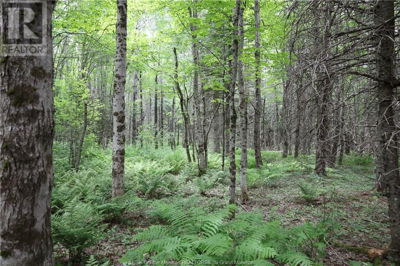 Image #1 of Commercial for Sale at Lot 23-5 North Barnaby Rd, Barnaby River, New Brunswick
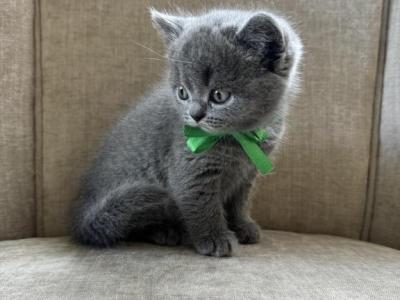 Drogon - British Shorthair - Gallery Photo #1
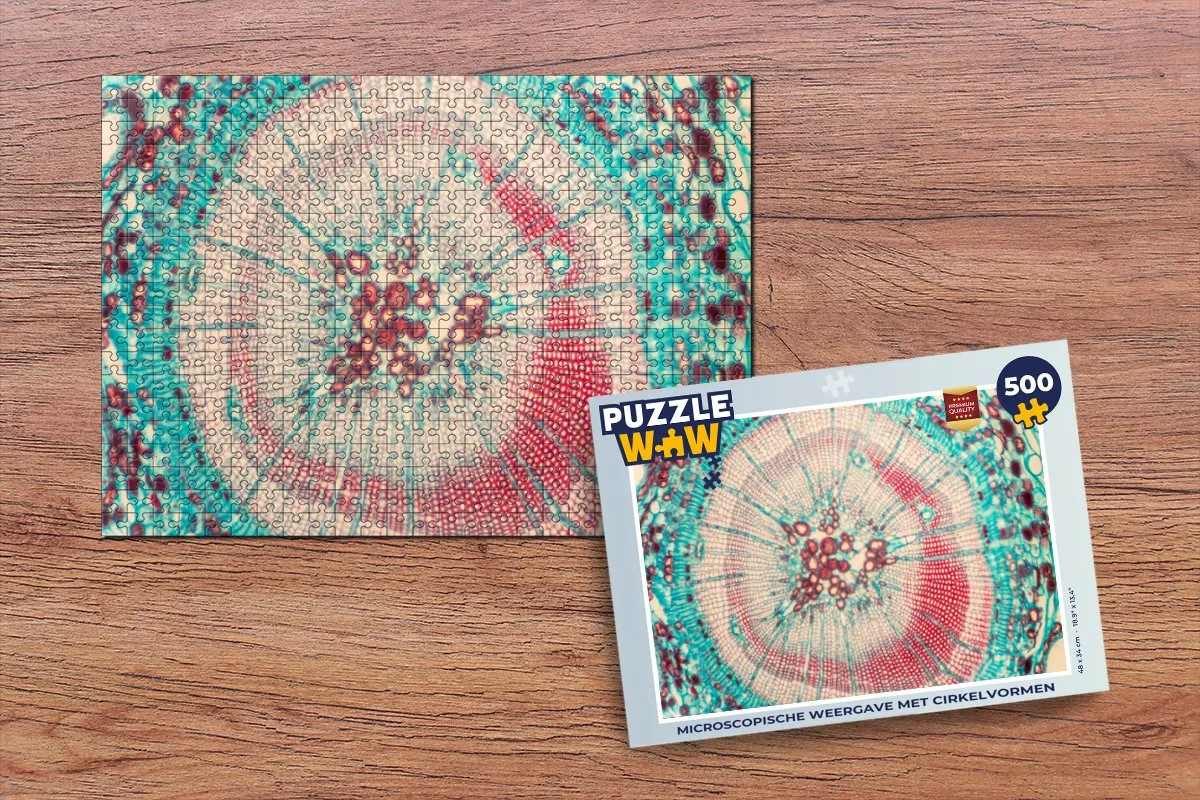PuzzleWow Cirkel Legpuzzel 500 Stuks - Multicolor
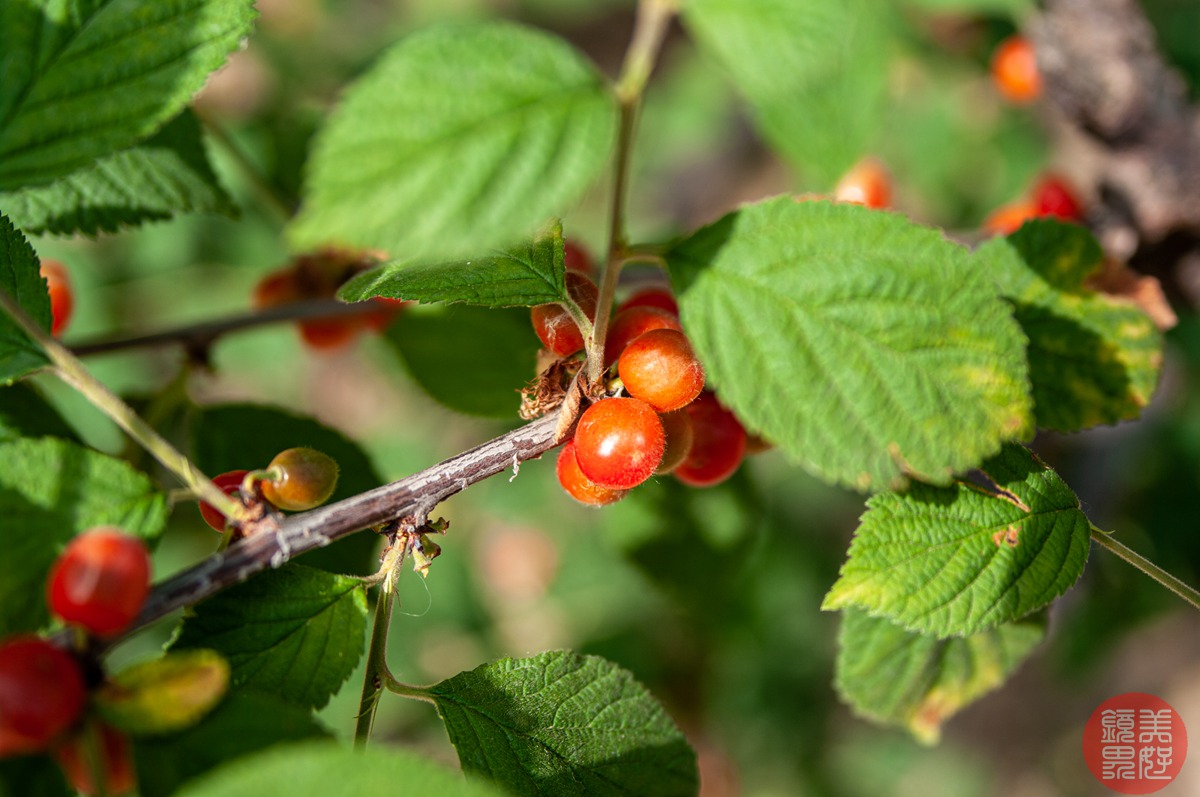老镜记，Contax35-135/3.3-4.5改装宾得口并试镜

- TASK TO COMPLETE -
Set down, in exact form, only the lines that start at the one containing "PuzzleWow Cirkel Legpuzzel" and finish at the last line of the material; pictures do not go in.

- RESPONSE BELOW -
PuzzleWow Cirkel Legpuzzel 500 Stuks - Multicolor
老镜记，Contax35-135/3.3-4.5改装宾得口并试镜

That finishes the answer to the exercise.